In Stata terms no loops are needed here at all, except those tacit in generate
and replace
. You want to set a counter going each time immediately after you hit a cutoff, and then identify counter values between 1 and 5. Here's some technique:
sysuse auto.dta, clear
global cutoffs 3299,4424,5104,5788,10371
sort price
gen counter = 0 if inlist(price, $cutoffs)
replace counter = counter[_n-1] + 1 if missing(counter)
gen wanted = inrange(counter, 1, 5)
list price counter wanted
+---------------------------+
| price counter wanted |
|---------------------------|
1. | 3,291 . 0 |
2. | 3,299 0 0 |
3. | 3,667 1 1 |
4. | 3,748 2 1 |
5. | 3,798 3 1 |
|---------------------------|
6. | 3,799 4 1 |
7. | 3,829 5 1 |
8. | 3,895 6 0 |
9. | 3,955 7 0 |
10. | 3,984 8 0 |
|---------------------------|
11. | 3,995 9 0 |
12. | 4,010 10 0 |
13. | 4,060 11 0 |
14. | 4,082 12 0 |
15. | 4,099 13 0 |
|---------------------------|
16. | 4,172 14 0 |
17. | 4,181 15 0 |
18. | 4,187 16 0 |
19. | 4,195 17 0 |
20. | 4,296 18 0 |
|---------------------------|
21. | 4,389 19 0 |
22. | 4,424 0 0 |
23. | 4,425 1 1 |
24. | 4,453 2 1 |
25. | 4,482 3 1 |
|---------------------------|
26. | 4,499 4 1 |
27. | 4,504 5 1 |
28. | 4,516 6 0 |
29. | 4,589 7 0 |
30. | 4,647 8 0 |
|---------------------------|
31. | 4,697 9 0 |
32. | 4,723 10 0 |
33. | 4,733 11 0 |
34. | 4,749 12 0 |
35. | 4,816 13 0 |
|---------------------------|
36. | 4,890 14 0 |
37. | 4,934 15 0 |
38. | 5,079 16 0 |
39. | 5,104 0 0 |
40. | 5,172 1 1 |
|---------------------------|
41. | 5,189 2 1 |
42. | 5,222 3 1 |
43. | 5,379 4 1 |
44. | 5,397 5 1 |
45. | 5,705 6 0 |
|---------------------------|
46. | 5,719 7 0 |
47. | 5,788 0 0 |
48. | 5,798 1 1 |
49. | 5,799 2 1 |
50. | 5,886 3 1 |
|---------------------------|
51. | 5,899 4 1 |
52. | 6,165 5 1 |
53. | 6,229 6 0 |
54. | 6,295 7 0 |
55. | 6,303 8 0 |
|---------------------------|
56. | 6,342 9 0 |
57. | 6,486 10 0 |
58. | 6,850 11 0 |
59. | 7,140 12 0 |
60. | 7,827 13 0 |
|---------------------------|
61. | 8,129 14 0 |
62. | 8,814 15 0 |
63. | 9,690 16 0 |
64. | 9,735 17 0 |
65. | 10,371 0 0 |
|---------------------------|
66. | 10,372 1 1 |
67. | 11,385 2 1 |
68. | 11,497 3 1 |
69. | 11,995 4 1 |
70. | 12,990 5 1 |
|---------------------------|
71. | 13,466 6 0 |
72. | 13,594 7 0 |
73. | 14,500 8 0 |
74. | 15,906 9 0 |
+---------------------------+
In fact, your text says "the next five observations after" but your code implements not that only that, but the cutoff observation too. For the latter, use inrange(counter, 0, 5)
.
Understanding the principles explained here is crucial for this question.
For inrange()
and inlist()
see their help entries and/or this paper.

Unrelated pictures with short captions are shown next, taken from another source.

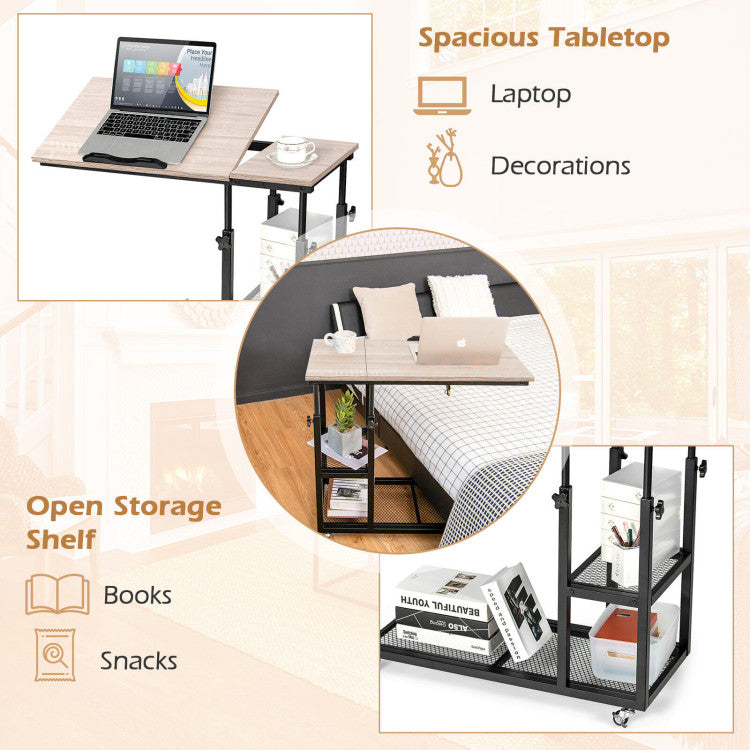 Height Adjustable C-Shaped End Table with Lockable Wheels and Tiltable Table Top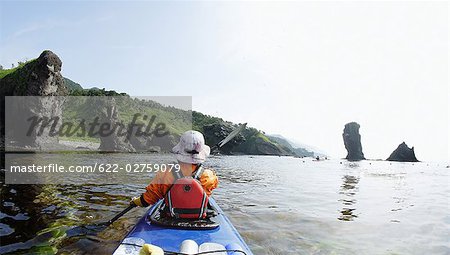 Personne, excursion en bateau sur le Kayak, Hokkaido, Japon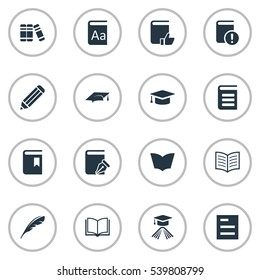 Set Of 16 Simple Books Icons. Can Be Found Such Elements As Plume, Bookshelf, Pen And Other.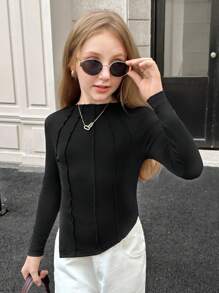 SHEIN 青少年女孩休闲纯色针织修身圆领毛衣，秋冬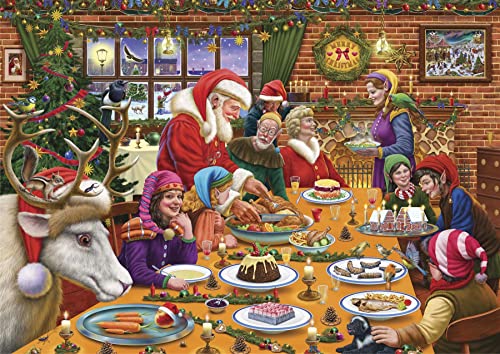 1000 Piece Jigsaw Puzzle - Christmas Dinner At Santa's Workshop -1000 Piece Jigsaw Puzzles for Adults - Hardest Jigsaw Puzzle, Festive Puzzle, Present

So, what did you do wrong?
This line
forval `i' = 0/25 {
in illegal unless you have previously defined the local macro i
(and rather odd style even then). You perhaps meant
forval i = 0/25 {
although where the 25 comes from, given your problem statement, is unclear to me. The error message isn't especially helpful, but Stata is struggling to make sense of code with a hole in it, given that the local macro implied by your code is not defined.